Os aglomerados avermelhados são as evidências mais fortes de que a galáxia parou a sua formação estelar há muito tempo. No entanto, a falta de aglomerados azuis sugere que a NGC 1277 nunca cresceu através da fusão com outras galáxias circundantes.
© Hubble/Z. Levay (localização das estrelas vermelhas e azuis na NGC 1277 e NGC 1278)
A imagem acima mostra a localização das estrelas vermelhas e das estrelas azuis que dominam os aglomerados globulares nas galáxias NGC 1277 e NGC 1278. Mostra que a NGC 1277 é dominada por aglomerados globulares antigos e vermelhos.

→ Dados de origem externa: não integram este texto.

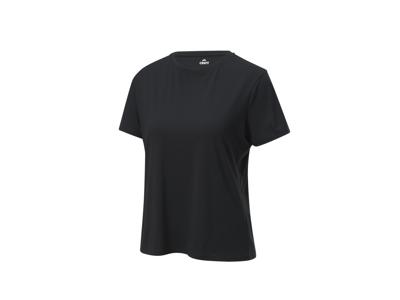 CRIVIT Dames sportshirt (Zwart, XS (32/34))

Isto é evidência de que a galáxia NGC 1277 parou de fazer estrelas novas há bilhões de anos atrás, em comparação com a NGC 1278, que tem mais aglomerados estelares jovens e azulados.
Em contraste, a nossa Via Láctea contém aproximadamente 180 aglomerados globulares azuis e vermelhos. Isto deve-se em parte ao fato de que a Via Láctea continua a canibalizar galáxias que passam demasiado perto no nosso Grupo Local de algumas dúzias de galáxias pequenas.
A NGC 1277 vive num ambiente marcadamente diferente. Situa-se perto do centro do aglomerado de galáxias Perseu, com mais de 1.000 galáxias, a 240 milhões de anos-luz de distância. Mas a NGC 1277 move-se tão depressa através do aglomerado, a 3,2 milhões de quilômetros por hora, que não consegue fundir-se com outras galáxias para recolher estrelas ou para puxar gás para alimentar a sua formação estelar. Além disso, perto do centro do aglomerado de galáxias, o gás intergaláctico é tão quente que não consegue arrefecer para condensar e formar estrelas.
A equipe começou a procurar galáxias neste estado no levantamento SDSS (Sloan Digital Sky Survey) e encontrou 50 galáxias compactas massivas. Usando uma técnica semelhante, mas numa amostra diferente, a NGC 1277 foi identificada como única, pois possui um buraco negro central que é muito mais massivo do que deveria ser para uma galáxia deste tamanho. Isto reforça o cenário de que o buraco negro supermassivo e o centro denso da galáxia cresceram simultaneamente, mas a população estelar da galáxia parou de crescer e de se expandir porque não tinha material do exterior.
O futuro telescópio espacial James Webb da NASA (com lançamento previsto para 2019) permitirá aos astrônomos medir os movimentos dos aglomerados globulares na NGC 1277. Isto proporcionará a primeira oportunidade de medir a quantidade de matéria escura que a galáxia primordial contém.
Os resultados foram publicados na revista científica Nature.